By Sarah N. Lynch
WASHINGTON (Reuters) – A member of the far-right Oath Keepers told a jury on Wednesday that she got “swept up” in the moment when she stormed the U.S. Capitol on Jan. 6, 2021, comparing it to the same feeling shoppers get on Black Friday when they rush to buy flat-screen televisions.
In at times emotional testimony, Jessica Watkins admitted to some of the crimes she is charged with and apologized to police officers for impeding them from doing their duties that day.
But Watkins denied having any plans to breach the building or block Congress from certifying the election, and said she has frequently asked herself why she did it.
“It’s really stupid.
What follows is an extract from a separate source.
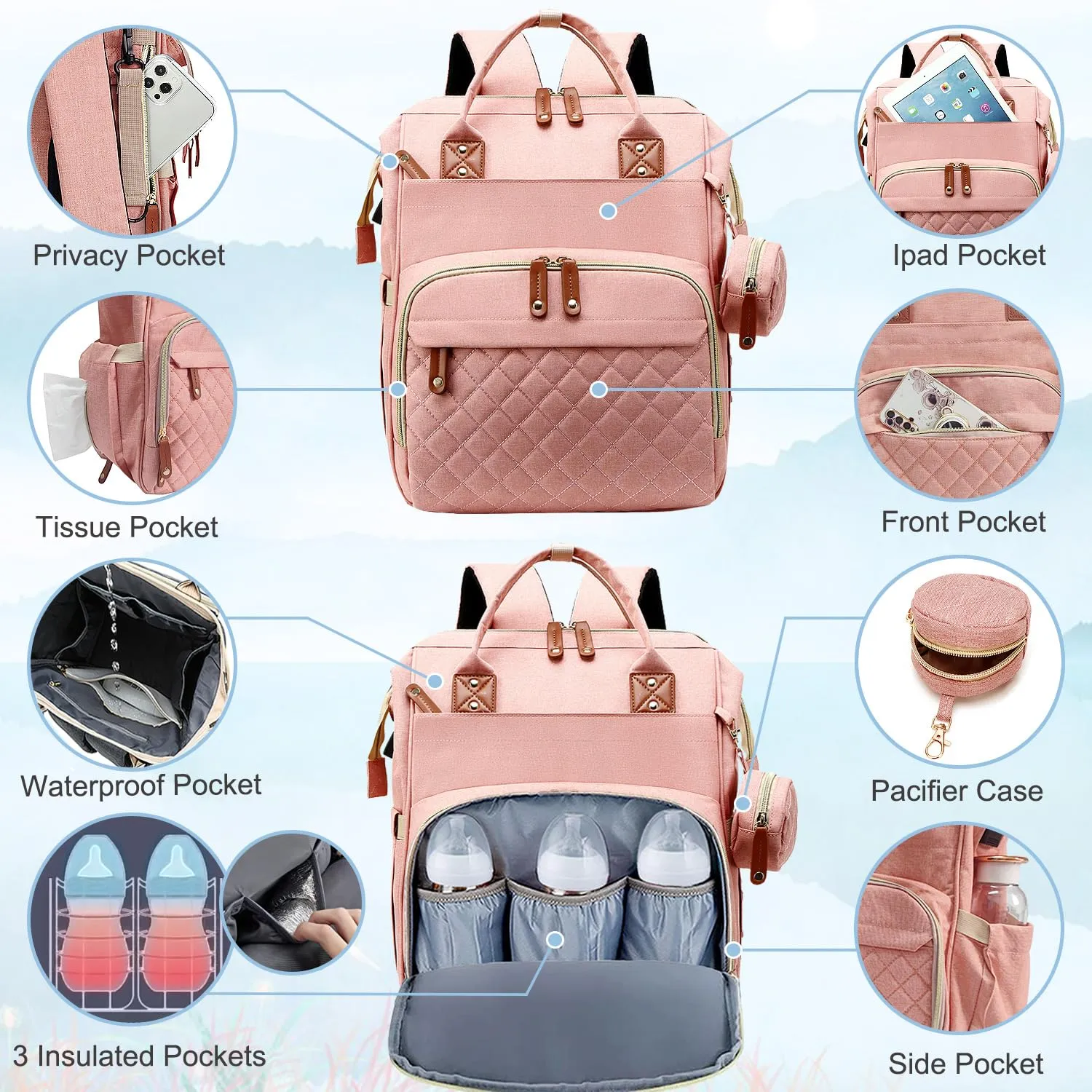 Diaper Bag Backpack Baby Bag, Baby Girl Boy Diaper Bag for Dad Mom with Pad,16 Pockets, Pacifier Case, Large Diaper Bags Unisex for Travel (Orange Pink)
I got swept up in it,” she said. “It was like Black Friday.”
In the United States and some other countries, ‘Black Friday’ is a bargain shopping day that marks the start of the holiday shopping season.
Watkins is charged along with Oath Keepers founder Stewart Rhodes and co-defendants Thomas Caldwell, Kenneth Harrelson, and Kelly Meggs with multiple felonies in connection with the Capitol assault, including seditious conspiracy, which carries a sentence of up to 20 years in prison.
The government contends the Oath Keepers plotted to use force to stop Congress from certifying President Joe Biden’s election victory, with defendants Meggs, Watkins and Harrelson entering the building clad in tactical gear.
Prosecutors also allege the Oath Keepers staged a “quick reaction force” in a nearby Virginia hotel, a plan which entailed stockpiling firearms that could be ferried across the river into the capital if needed.
More than 900 people so far have been charged in the Capitol attack, which led members of Congress to run for cover as hoards of then-President Donald Trump’s supporters stormed the building.
Watkins, a transgender woman and Afghanistan war veteran, also spoke on Wednesday about her struggles growing up in a conservative Christian family, and said she abandoned her U.S. Army post after she was confronted about her sexuality and called homophobic slurs.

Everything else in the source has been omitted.